The Associates

George Clooney and Steven Soderbergh dish on their big- screen buddy system.

George Clooney, Steven Soderbergh
Photo: Steven Soderbergh: Marcel Hartmann/H&K/CP; George Clooney: Sam Jones/Corbis Outline

George Clooney is a big fat movie star with burnished matinee-idol good looks and rakish charm. Steven Soderbergh is one of those thoughtful, baseball-capped auteurs who wear thick black glasses and serious expressions. But get them together in a room to talk about their creative and business partnership, as we did on a mid-October afternoon at the Burbank offices of their Section Eight production company, and both men reveal themselves to be gabby cinephiles — whether they’re ardently debating Quentin Tarantino’s decision to take five years between films (Clooney: ”That’s a long time and puts a lot of pressure on Kill Bill to be something more than maybe it’s designed to be.” Soderbergh: ”I have no doubt Kill Bill will be great, but a gap like that does create these expectations that are really irrelevant, to my mind”) or divulging their must-see movies of the holiday season. ”About Schmidt,” says Soderbergh, eyebrows excitedly arching above those square frames. ”I want to see that 8 Mile,” says the 41-year-old Clooney, clad in a white T-shirt and jeans and perched on the edge of a leather chair. ”That first track off the album — [he mumble-raps a line of Eminem’s ”Lose Yourself”] — it’s just the best song. Of course, I think Far From Heaven is the best film I’ve seen this year. But I’m biased.” Soderbergh, 39, agrees. ”Yes,” he says with a smirk. ”We are biased.”

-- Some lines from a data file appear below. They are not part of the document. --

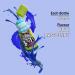 VR Angel Blue Raspberry Brain Licker Slushy Liquid Candy Roller - 60ml Bottle - Buy Online on GoSupps.com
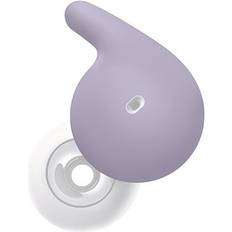 Sony Tillbehör för hörlurar Sony LinkBuds Open Airfitting-Stöd Ash Violet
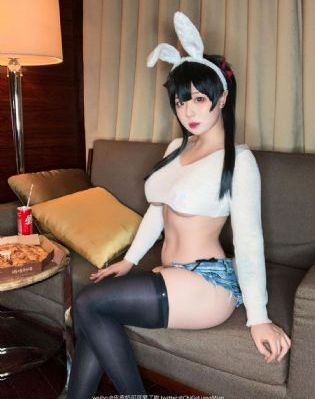 99精品视频在线观看
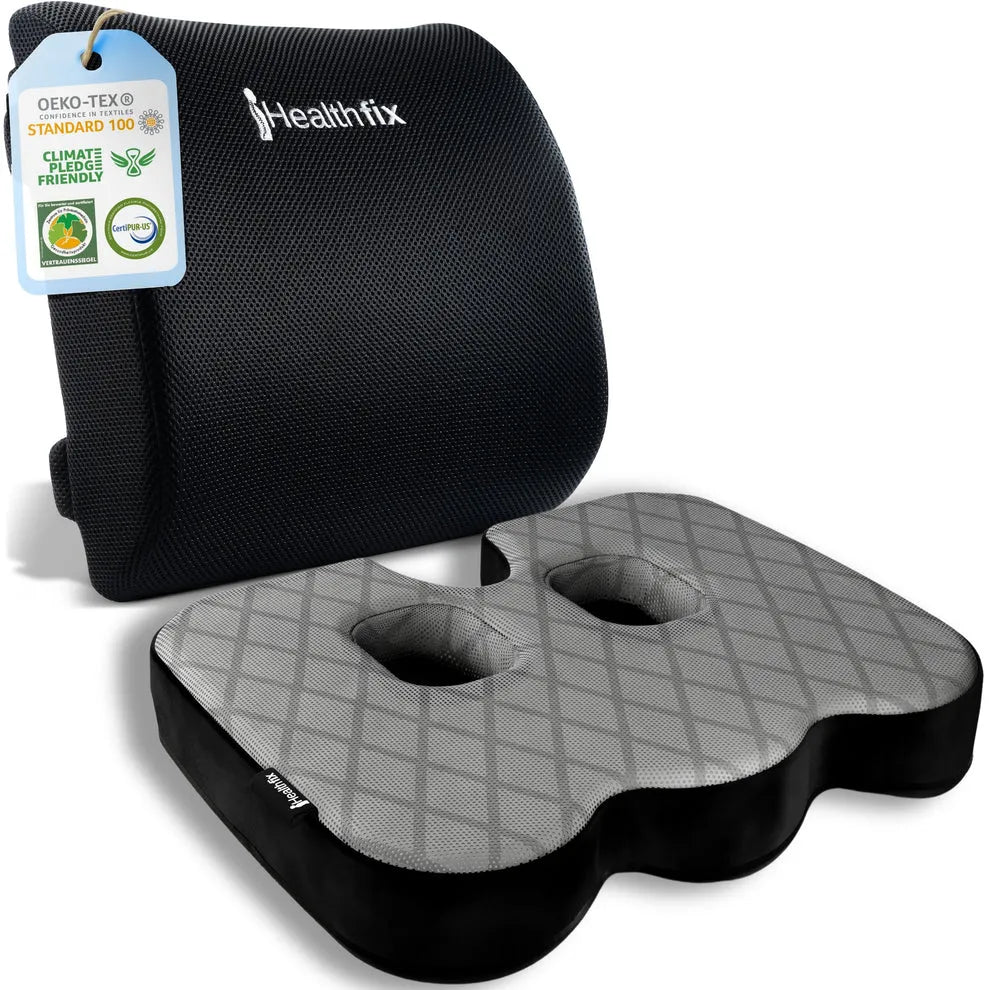 Healthfix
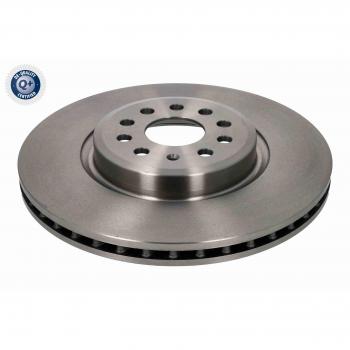 VAICO Scheibenbremsen V10‑40038 – 340 mm, VW/Audi/Skoda Kompatibilität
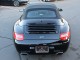 2012  911 Carrera Black Edition in , 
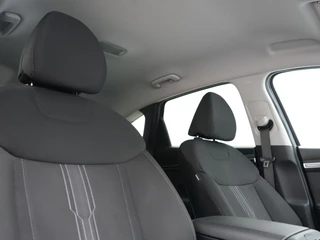 Hyundai Tucson – thumbnail 15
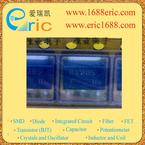 2SB1205T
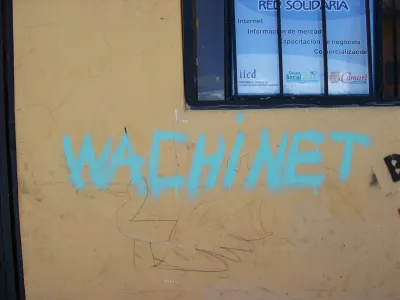  image linking to APC is developing a “pro-poor” internet access kit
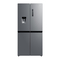 mabe MTM482SENSS0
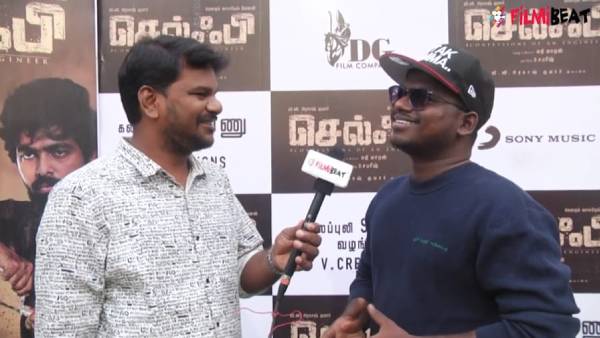 நண்பர்கள் அடித்தளம் நண்பர்கள் அடித்தளம்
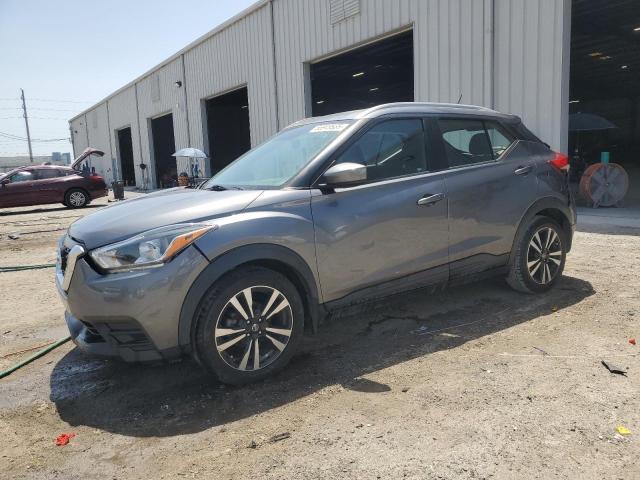 Vin: 3n1cp5cu1kl517854, lot: 56949535, nissan kicks s 2019 img_1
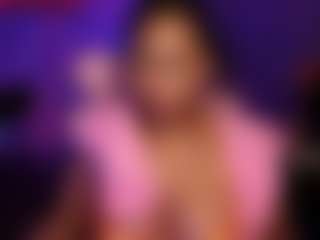BriannaBrave's Live Sex Cam Show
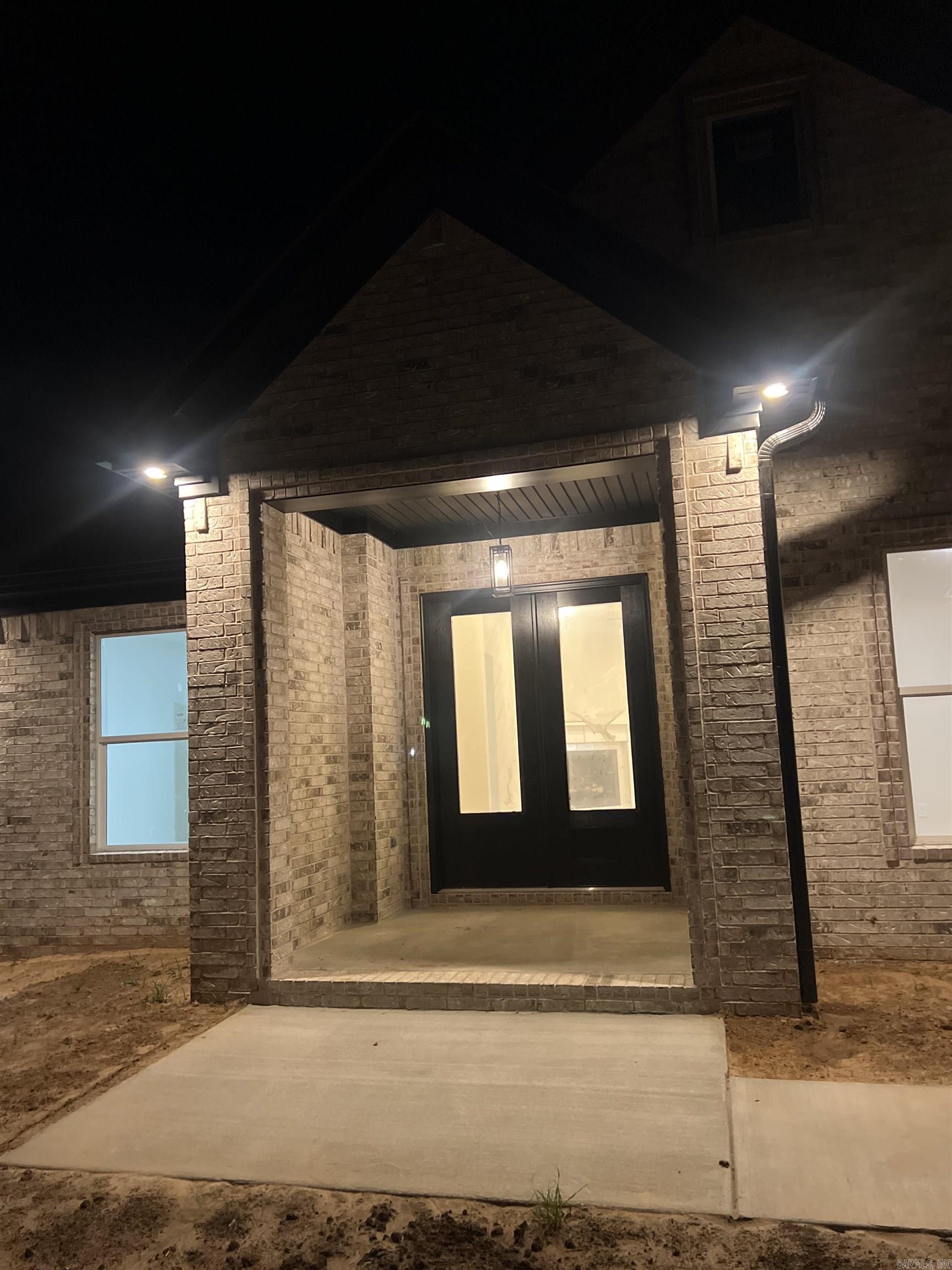 THE GROVE - Residential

Humble, too. Or at least polite. For in choosing to plug their latest producing effort, Focus’ Far From Heaven — a revisionist homage to the 1950s melodramas of Douglas Sirk, directed by Todd Haynes (Safe, Velvet Goldmine) and starring Julianne Moore and Dennis Quaid — they are neglecting two other films: Fox’s Solaris, a $47 million sci-fi opus directed by Soderbergh and starring Clooney, opening Nov. 27; and Miramax’s Confessions of a Dangerous Mind, a loopy biopic about Gong Show creator Chuck Barris written by Charlie Kaufman (who also penned December’s equally loopy Adaptation) and directed by Clooney himself, opening Dec. 27.

The three fall releases cap a busy year for the Ocean’s Eleven director and star: Their Warner Bros.-based Section Eight fielded the summer hit Insomnia, directed by Memento’s Christopher Nolan, and the fall disappointment Welcome to Collinwood (a remake of a 1958 Italian heist comedy), directed by Joe and Anthony Russo. Separately, Soderbergh also found time to direct Miramax’s Full Frontal, an arty diversion that failed to connect with critics and audiences. ”We’re both as exhausted as can be,” says Clooney, who has just wrapped the Coen brothers’ Intolerable Cruelty (due next spring) and is now at leisure and looking for his next job. ”But it’s a good time to be busy. Everything’s in the wheelhouse for us right now.”

Soderbergh and Clooney met while working on 1998’s Out of Sight. They became fast friends. In 2000 they formed Section Eight to develop projects for themselves, and as a means to champion and protect the work of filmmakers they admire. Case in point: Far From Heaven.